• _Exercise goal_:
Keep images out and repeat all data exactly.

• _Provided data_:
........

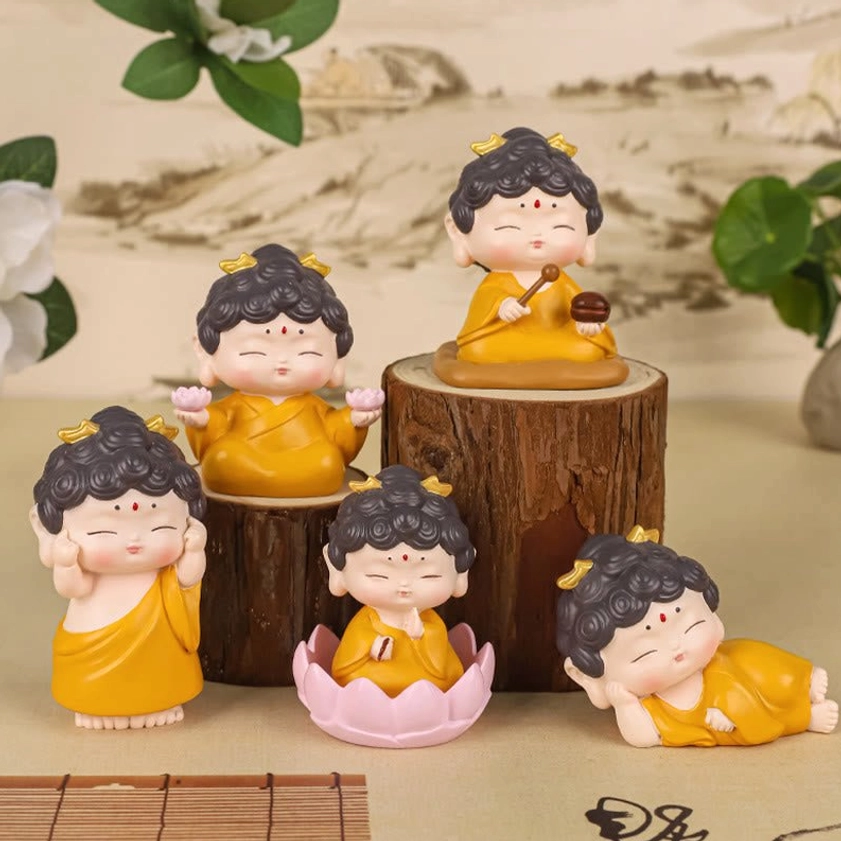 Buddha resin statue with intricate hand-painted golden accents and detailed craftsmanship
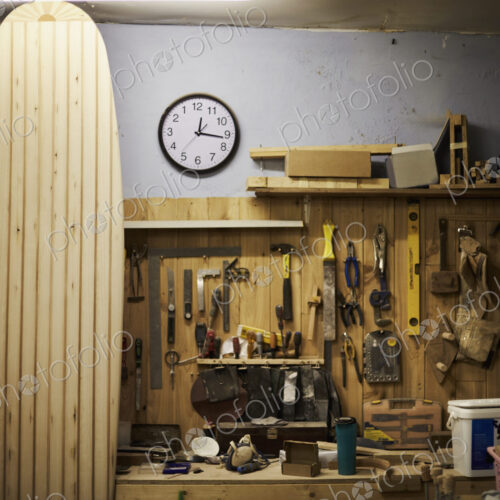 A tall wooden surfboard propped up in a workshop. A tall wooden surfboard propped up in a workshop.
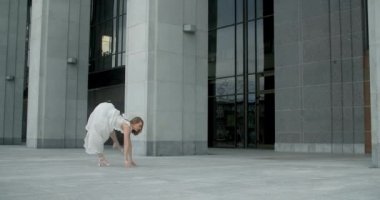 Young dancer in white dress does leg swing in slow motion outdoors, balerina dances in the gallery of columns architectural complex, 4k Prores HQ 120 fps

........

• _Response_:
 Buddha resin statue with intricate hand-painted golden accents and detailed craftsmanship
 A tall wooden surfboard propped up in a workshop. A tall wooden surfboard propped up in a workshop.
 Young dancer in white dress does leg swing in slow motion outdoors, balerina dances in the gallery of columns architectural complex, 4k Prores HQ 120 fps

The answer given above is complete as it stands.